**What the task requires:** Except for the pictures, retype the records that follow exactly.

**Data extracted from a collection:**
------------------------------------------------------------------------

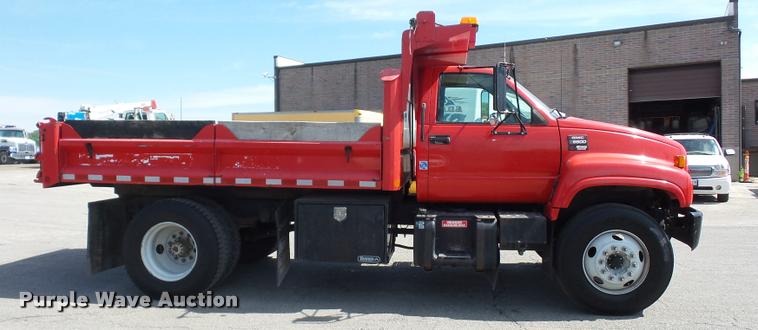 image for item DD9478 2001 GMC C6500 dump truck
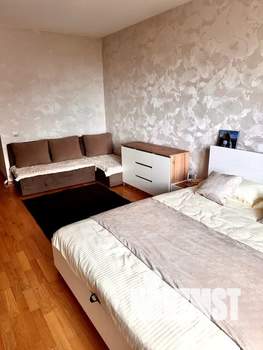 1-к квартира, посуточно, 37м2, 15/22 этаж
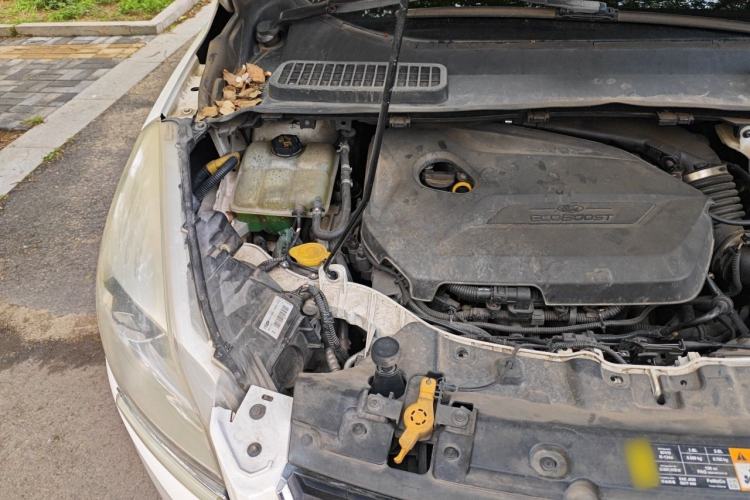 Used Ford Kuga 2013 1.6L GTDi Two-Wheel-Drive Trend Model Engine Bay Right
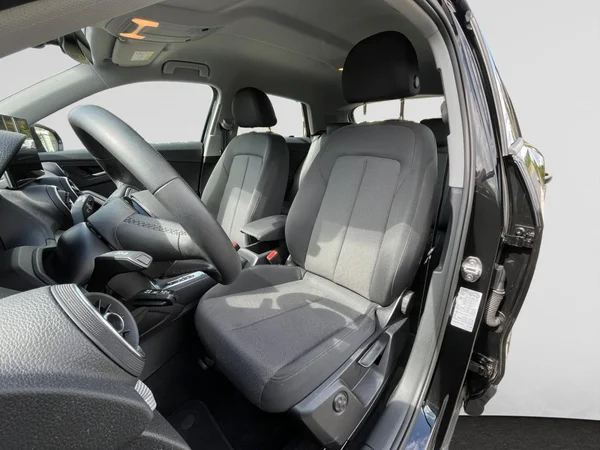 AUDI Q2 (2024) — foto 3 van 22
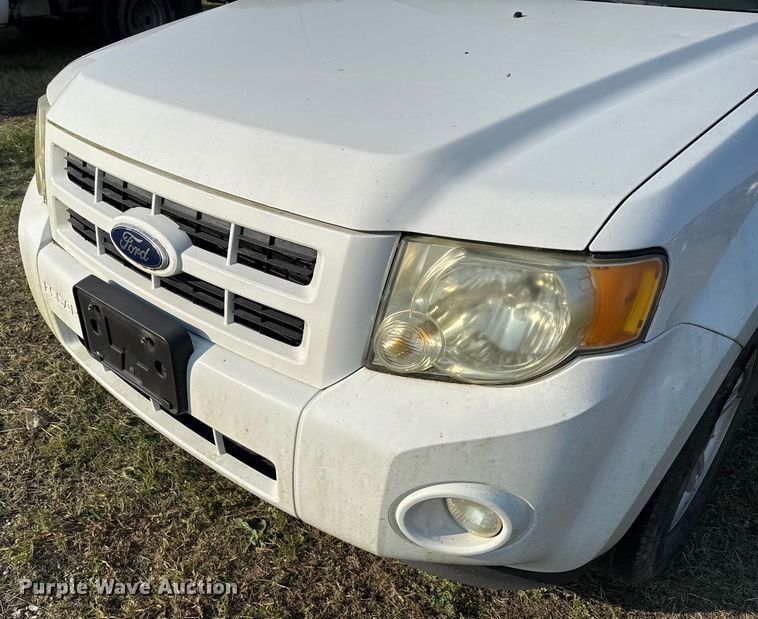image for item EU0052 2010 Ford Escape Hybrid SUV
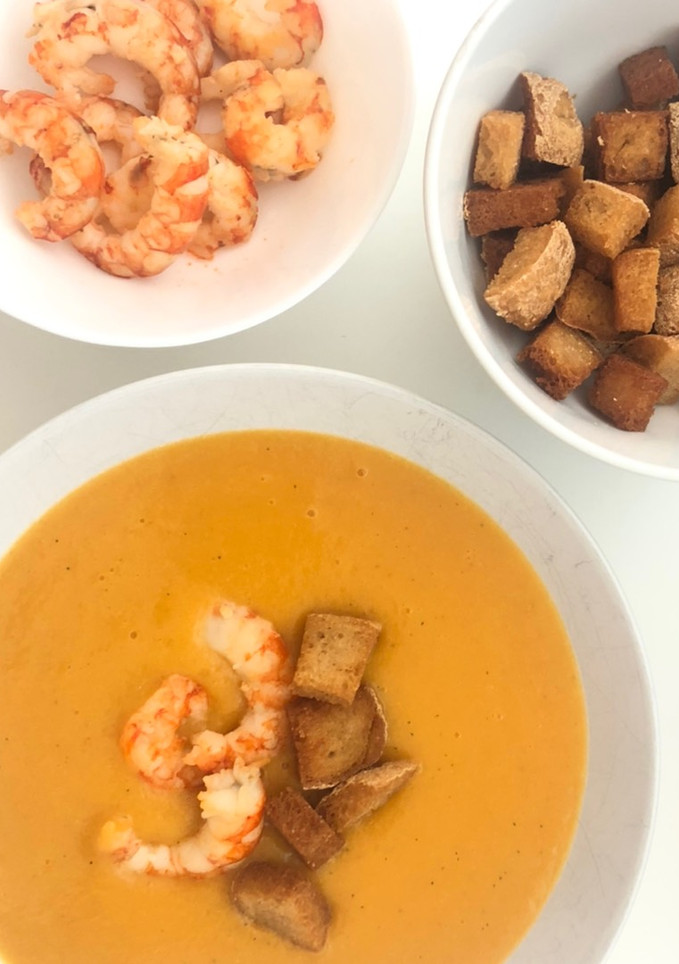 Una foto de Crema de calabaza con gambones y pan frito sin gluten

------------------------------------------------------------------------

**Output for this task:**
 image for item DD9478 2001 GMC C6500 dump truck
 1-к квартира, посуточно, 37м2, 15/22 этаж
 Used Ford Kuga 2013 1.6L GTDi Two-Wheel-Drive Trend Model Engine Bay Right
 AUDI Q2 (2024) — foto 3 van 22
image for item EU0052 2010 Ford Escape Hybrid SUV
 Una foto de Crema de calabaza con gambones y pan frito sin gluten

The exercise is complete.